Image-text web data
────────────────
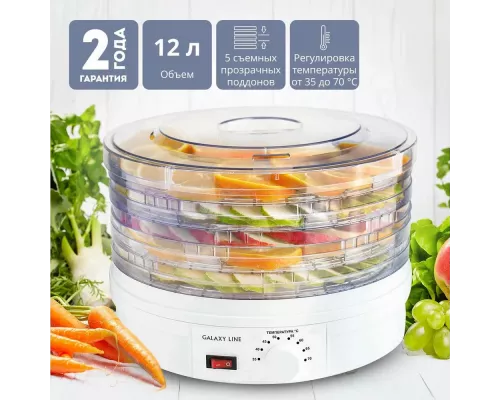 Сушилка для овощей и фруктов GALAXY GL 2633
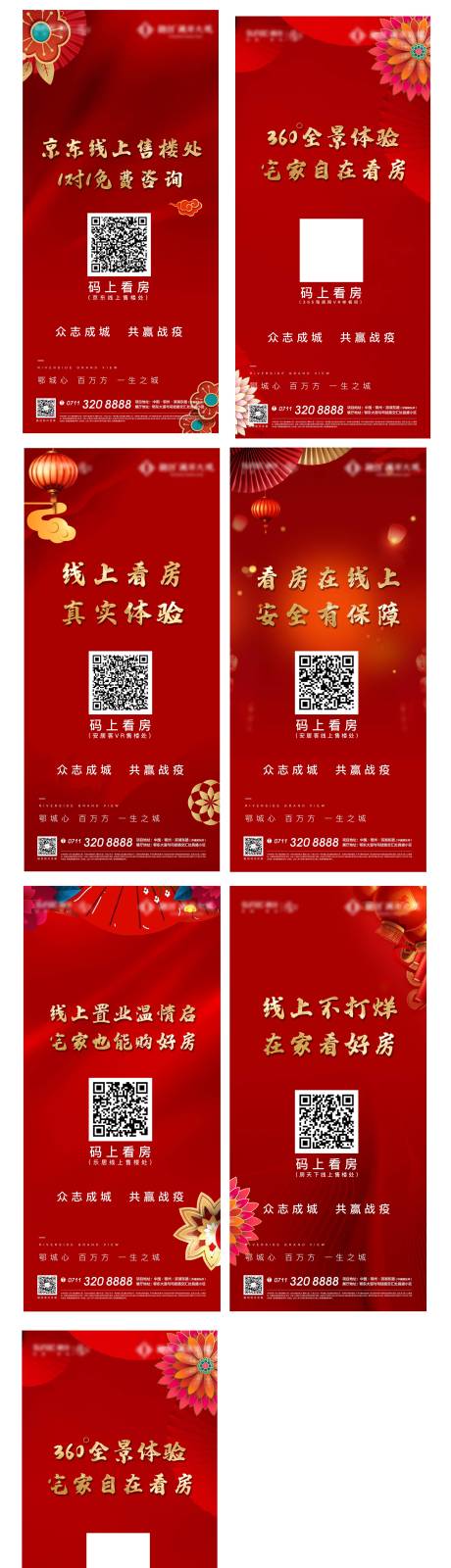 源文件下載【春節線上購房節地產紅色h5熱銷過年新】編號：57210008254848538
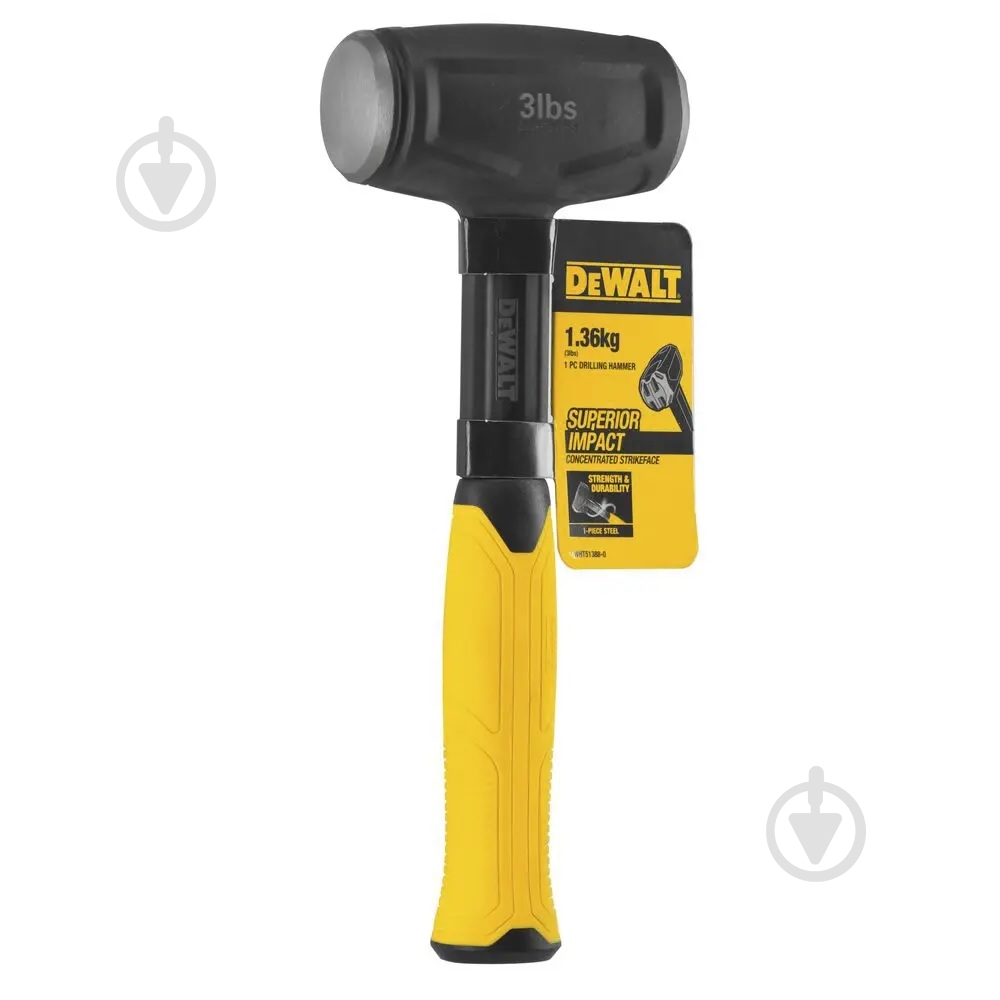 Кувалда 1361 г DWHT51388-0 - фото 4 Кувалда 1361 г DWHT51388-0 - фото 4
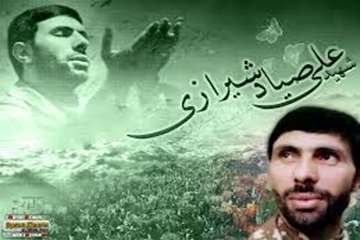 21 فروردین ماه سالگرد شهادت امیر سپهبد علی صیاد شیرازی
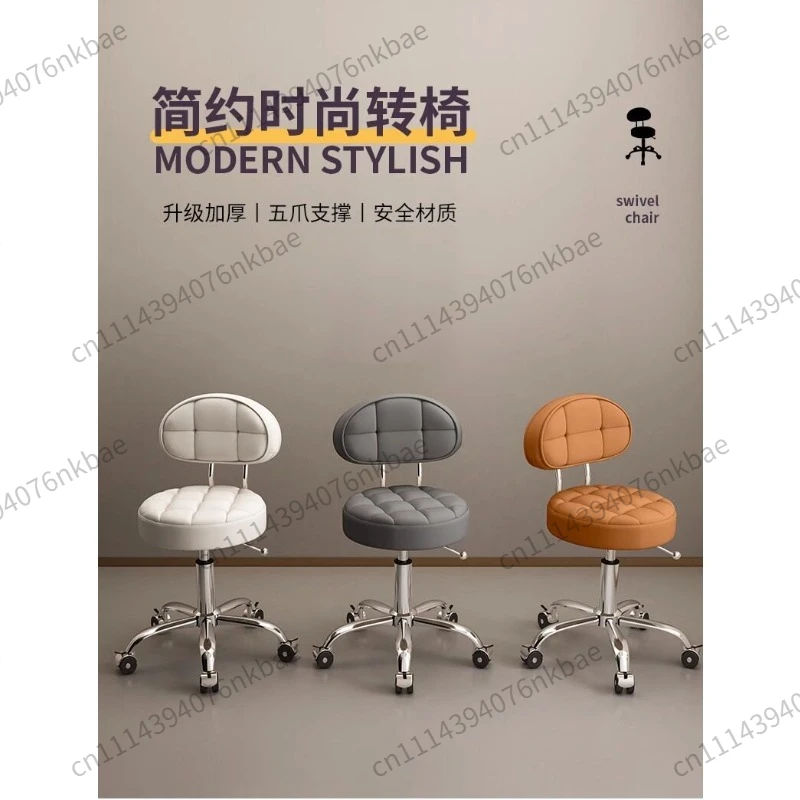 Adjustable Rolling Salon Stool Hydraulic Swivel Bar Chair for Beauty Nail Hair Salon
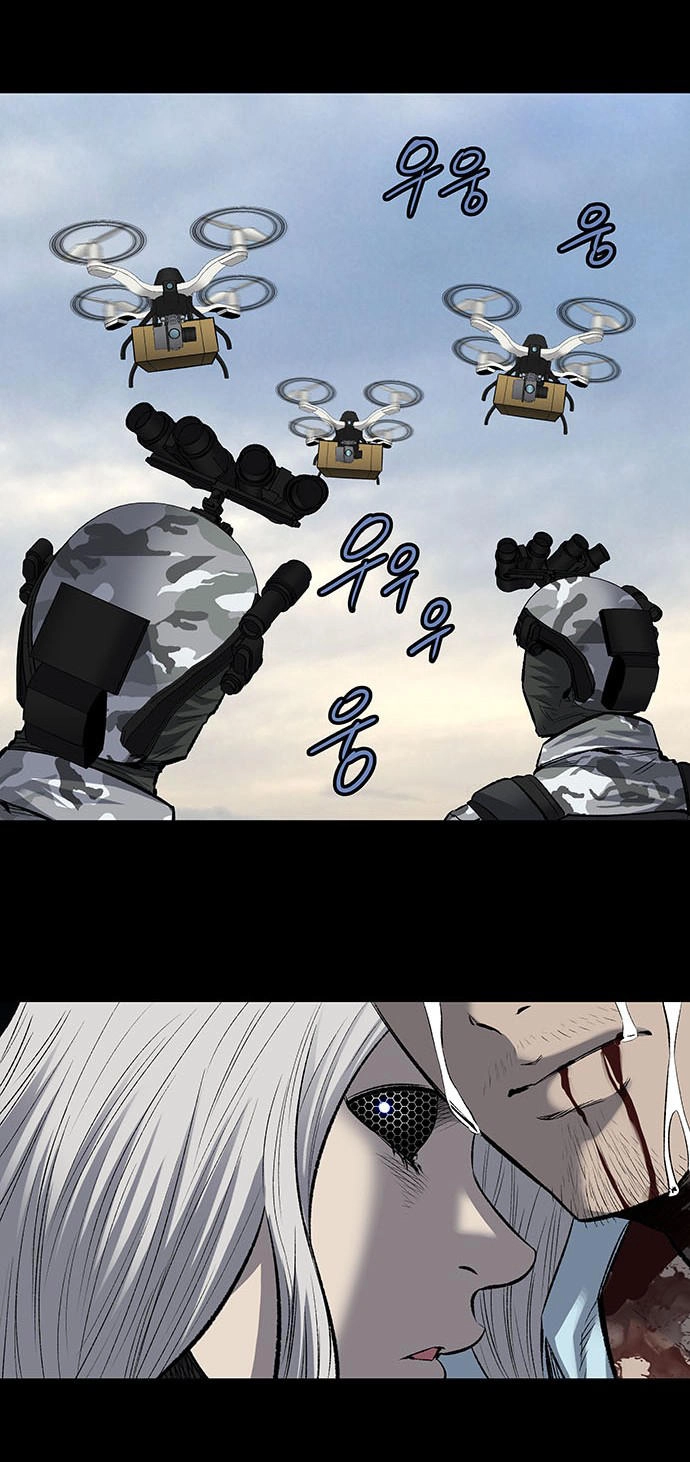 Hive Chapter 184 - 21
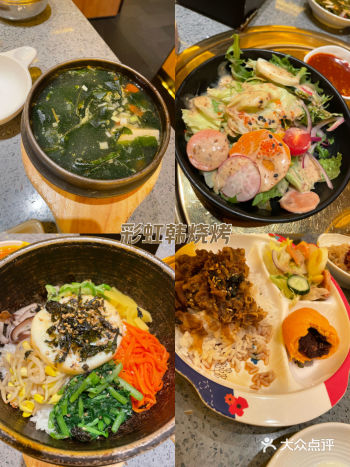 探索韩式料理的美味世界 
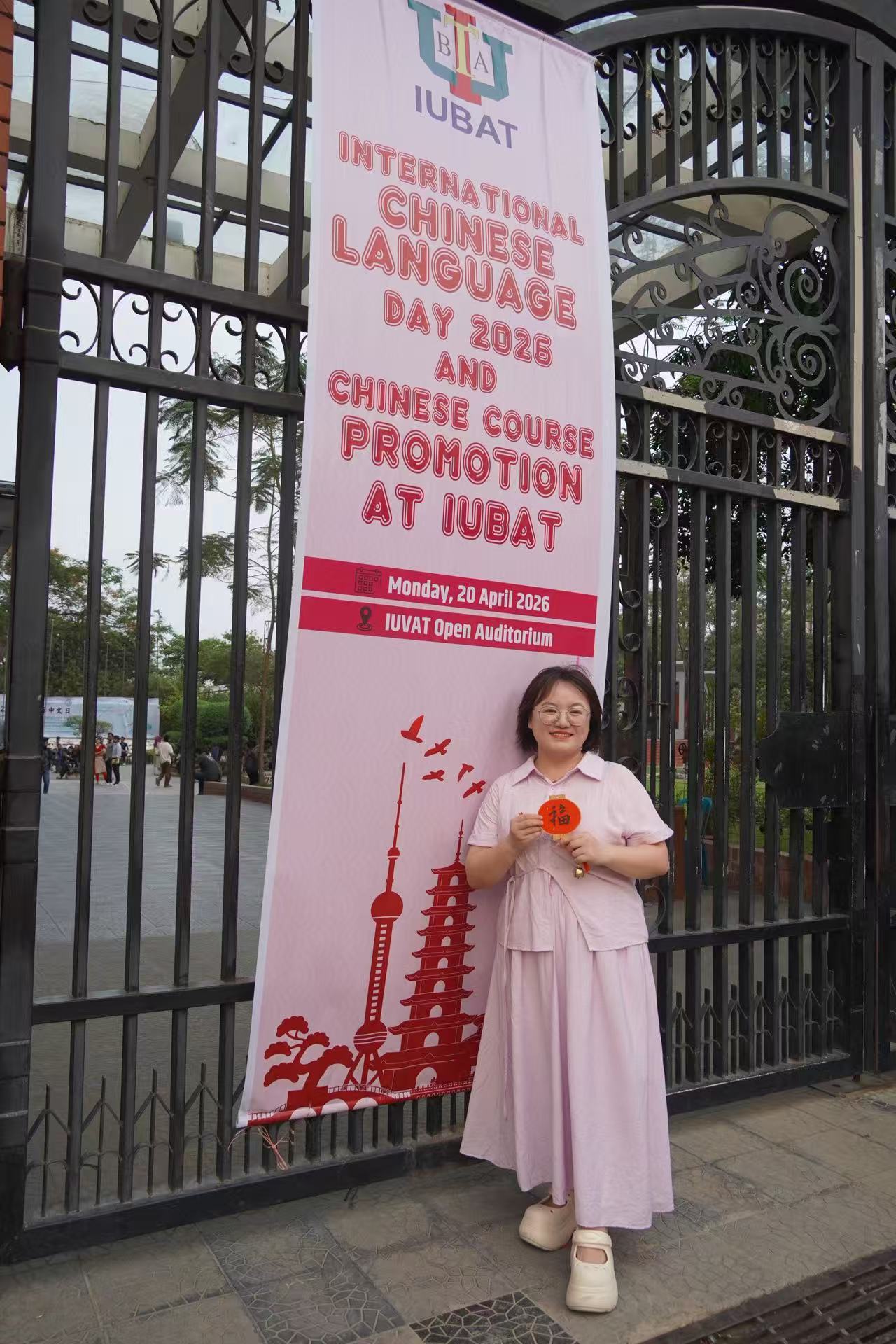 SMUCT Elective Chinese Course. HSK Level-1 (U2604H1B01) Start from 16 May 2026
────────────────
Where the line containing "Кувалда 1361 г DWHT51388-0 - фото 4 Кувалда" appears in the records above, begin copying and continue exactly through the last line, with nothing else; omit every picture.

 Кувалда 1361 г DWHT51388-0 - фото 4 Кувалда 1361 г DWHT51388-0 - фото 4
 21 فروردین ماه سالگرد شهادت امیر سپهبد علی صیاد شیرازی
 Adjustable Rolling Salon Stool Hydraulic Swivel Bar Chair for Beauty Nail Hair Salon
 Hive Chapter 184 - 21
 探索韩式料理的美味世界 
 SMUCT Elective Chinese Course. HSK Level-1 (U2604H1B01) Start from 16 May 2026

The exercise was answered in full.